Records shown section start
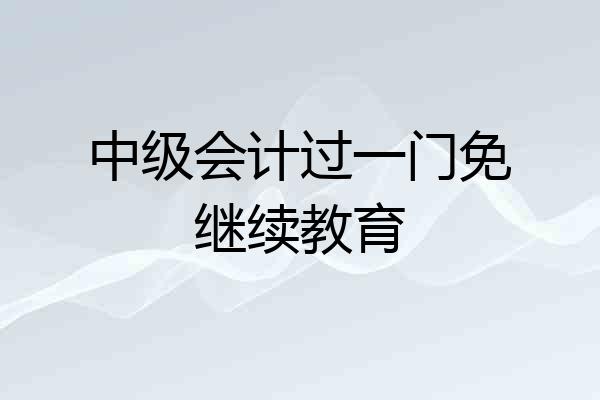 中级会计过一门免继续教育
Records shown section end
Records shown section start
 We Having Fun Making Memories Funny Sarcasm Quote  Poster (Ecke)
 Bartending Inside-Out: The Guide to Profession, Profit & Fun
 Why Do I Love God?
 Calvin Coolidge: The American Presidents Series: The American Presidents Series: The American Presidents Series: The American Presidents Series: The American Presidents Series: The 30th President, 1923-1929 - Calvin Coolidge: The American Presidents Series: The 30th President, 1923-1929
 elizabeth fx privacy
Records shown section end
Your answer must consist solely of the lines above between the line holding "Bartending Inside-Out: The" and the line holding "elizabeth fx privacy", inclusive, copied exactly.

 Bartending Inside-Out: The Guide to Profession, Profit & Fun
 Why Do I Love God?
 Calvin Coolidge: The American Presidents Series: The American Presidents Series: The American Presidents Series: The American Presidents Series: The American Presidents Series: The 30th President, 1923-1929 - Calvin Coolidge: The American Presidents Series: The 30th President, 1923-1929
 elizabeth fx privacy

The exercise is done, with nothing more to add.